A Study on the Predictability of Sample Learning Consistency
This work addresses the challenge of efficiently determining sample difficulty for curriculum learning, though it is incremental as it builds on existing C-Score methods without achieving practical improvements.
The study investigated the predictability of C-Score, a metric for sample difficulty in curriculum learning, by training models on CIFAR datasets, but found poor generalization, suggesting C-Score depends on factors like sample relations rather than individual characteristics.

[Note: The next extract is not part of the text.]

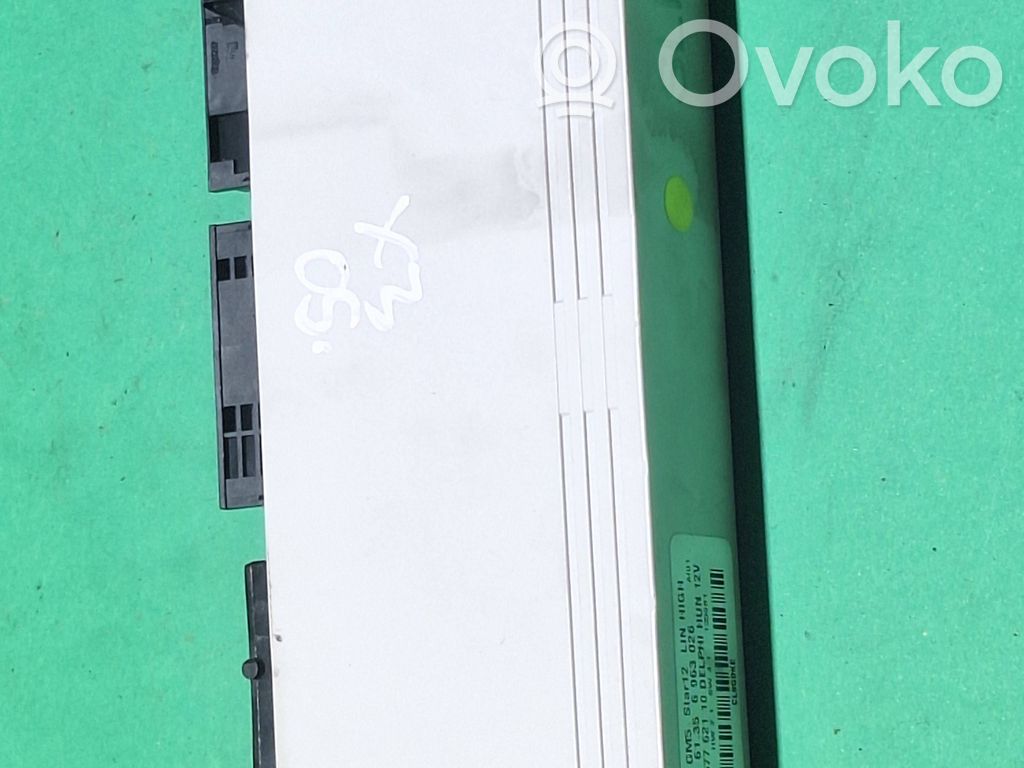 BMW X3 E83 Module confort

Curriculum Learning is a powerful training method that allows for faster and better training in some settings. This method, however, requires having a notion of which examples are difficult and which are easy, which is not always trivial to provide. A recent metric called C-Score acts as a proxy for example difficulty by relating it to learning consistency. Unfortunately, this method is quite compute intensive which limits its applicability for alternative datasets. In this work, we train models through different methods to predict C-Score for CIFAR-100 and CIFAR-10. We find, however, that these models generalize poorly both within the same distribution as well as out of distribution. This suggests that C-Score is not defined by the individual characteristics of each sample but rather by other factors. We hypothesize that a sample's relation to its neighbours, in particular, how many of them share the same labels, can help in explaining C-Scores. We plan to explore this in future work.